The answer must consist only of the lines in the records below from the line with "What the Nobel Prize Is Worth | Money" to the line with "Women Slip On Ballerina", both included, copied word for word with every picture left out.

- The input
____________________

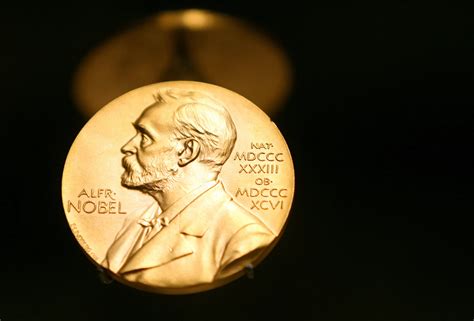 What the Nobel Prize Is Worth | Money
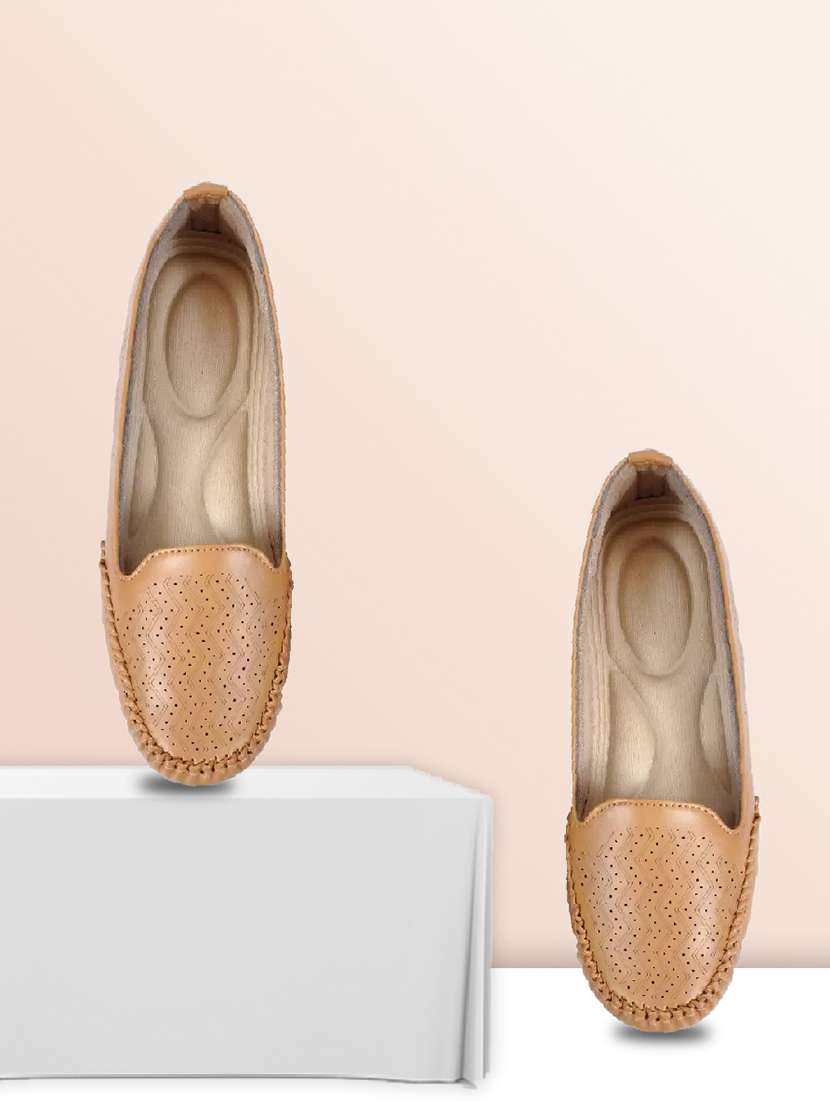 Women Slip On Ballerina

____________________

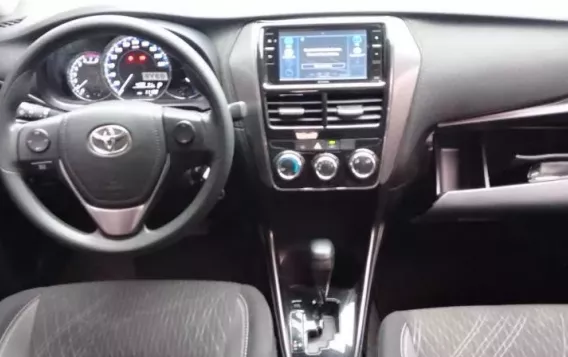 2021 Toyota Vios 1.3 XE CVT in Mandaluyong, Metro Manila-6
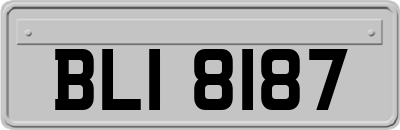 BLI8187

____________________

- Solution below
 What the Nobel Prize Is Worth | Money
 Women Slip On Ballerina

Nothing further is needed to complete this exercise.